[Short web captions]

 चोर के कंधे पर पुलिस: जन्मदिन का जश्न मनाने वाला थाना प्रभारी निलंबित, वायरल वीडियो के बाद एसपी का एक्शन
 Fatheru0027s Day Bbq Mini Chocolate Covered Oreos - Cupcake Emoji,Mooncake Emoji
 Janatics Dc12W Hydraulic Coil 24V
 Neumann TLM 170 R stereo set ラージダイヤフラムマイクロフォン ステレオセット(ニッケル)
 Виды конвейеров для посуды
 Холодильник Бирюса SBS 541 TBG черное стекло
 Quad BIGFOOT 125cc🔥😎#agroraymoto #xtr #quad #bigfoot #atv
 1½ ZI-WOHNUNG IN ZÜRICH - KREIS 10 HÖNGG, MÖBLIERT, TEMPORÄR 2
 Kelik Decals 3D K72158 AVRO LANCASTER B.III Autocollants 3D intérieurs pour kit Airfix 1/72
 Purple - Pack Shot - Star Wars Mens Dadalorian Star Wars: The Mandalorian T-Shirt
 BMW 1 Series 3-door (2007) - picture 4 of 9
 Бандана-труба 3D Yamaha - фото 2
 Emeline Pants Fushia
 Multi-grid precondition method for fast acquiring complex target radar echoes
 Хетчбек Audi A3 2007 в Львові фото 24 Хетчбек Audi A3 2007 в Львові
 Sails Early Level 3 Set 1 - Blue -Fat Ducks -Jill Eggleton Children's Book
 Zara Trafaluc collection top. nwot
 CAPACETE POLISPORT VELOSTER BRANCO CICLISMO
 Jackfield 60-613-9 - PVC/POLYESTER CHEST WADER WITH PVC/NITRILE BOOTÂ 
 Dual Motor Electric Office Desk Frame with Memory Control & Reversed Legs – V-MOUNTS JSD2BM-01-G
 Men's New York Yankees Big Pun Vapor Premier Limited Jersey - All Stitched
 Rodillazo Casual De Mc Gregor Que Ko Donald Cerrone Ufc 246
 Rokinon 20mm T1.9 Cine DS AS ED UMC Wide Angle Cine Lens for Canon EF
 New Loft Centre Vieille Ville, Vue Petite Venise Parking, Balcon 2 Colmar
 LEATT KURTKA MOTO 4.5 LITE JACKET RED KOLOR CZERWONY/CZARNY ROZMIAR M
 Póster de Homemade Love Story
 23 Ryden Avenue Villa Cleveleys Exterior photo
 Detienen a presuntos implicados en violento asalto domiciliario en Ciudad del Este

EXERCISE:
Every record above is to be copied out again exactly as written.

RESULT BELOW:
 चोर के कंधे पर पुलिस: जन्मदिन का जश्न मनाने वाला थाना प्रभारी निलंबित, वायरल वीडियो के बाद एसपी का एक्शन
 Fatheru0027s Day Bbq Mini Chocolate Covered Oreos - Cupcake Emoji,Mooncake Emoji
 Janatics Dc12W Hydraulic Coil 24V
 Neumann TLM 170 R stereo set ラージダイヤフラムマイクロフォン ステレオセット(ニッケル)
 Виды конвейеров для посуды
 Холодильник Бирюса SBS 541 TBG черное стекло
 Quad BIGFOOT 125cc🔥😎#agroraymoto #xtr #quad #bigfoot #atv
 1½ ZI-WOHNUNG IN ZÜRICH - KREIS 10 HÖNGG, MÖBLIERT, TEMPORÄR 2
 Kelik Decals 3D K72158 AVRO LANCASTER B.III Autocollants 3D intérieurs pour kit Airfix 1/72
 Purple - Pack Shot - Star Wars Mens Dadalorian Star Wars: The Mandalorian T-Shirt
 BMW 1 Series 3-door (2007) - picture 4 of 9
 Бандана-труба 3D Yamaha - фото 2
 Emeline Pants Fushia
 Multi-grid precondition method for fast acquiring complex target radar echoes
 Хетчбек Audi A3 2007 в Львові фото 24 Хетчбек Audi A3 2007 в Львові
 Sails Early Level 3 Set 1 - Blue -Fat Ducks -Jill Eggleton Children's Book
 Zara Trafaluc collection top. nwot
 CAPACETE POLISPORT VELOSTER BRANCO CICLISMO
 Jackfield 60-613-9 - PVC/POLYESTER CHEST WADER WITH PVC/NITRILE BOOTÂ 
 Dual Motor Electric Office Desk Frame with Memory Control & Reversed Legs – V-MOUNTS JSD2BM-01-G
 Men's New York Yankees Big Pun Vapor Premier Limited Jersey - All Stitched
 Rodillazo Casual De Mc Gregor Que Ko Donald Cerrone Ufc 246
 Rokinon 20mm T1.9 Cine DS AS ED UMC Wide Angle Cine Lens for Canon EF
 New Loft Centre Vieille Ville, Vue Petite Venise Parking, Balcon 2 Colmar
 LEATT KURTKA MOTO 4.5 LITE JACKET RED KOLOR CZERWONY/CZARNY ROZMIAR M
 Póster de Homemade Love Story
 23 Ryden Avenue Villa Cleveleys Exterior photo
 Detienen a presuntos implicados en violento asalto domiciliario en Ciudad del Este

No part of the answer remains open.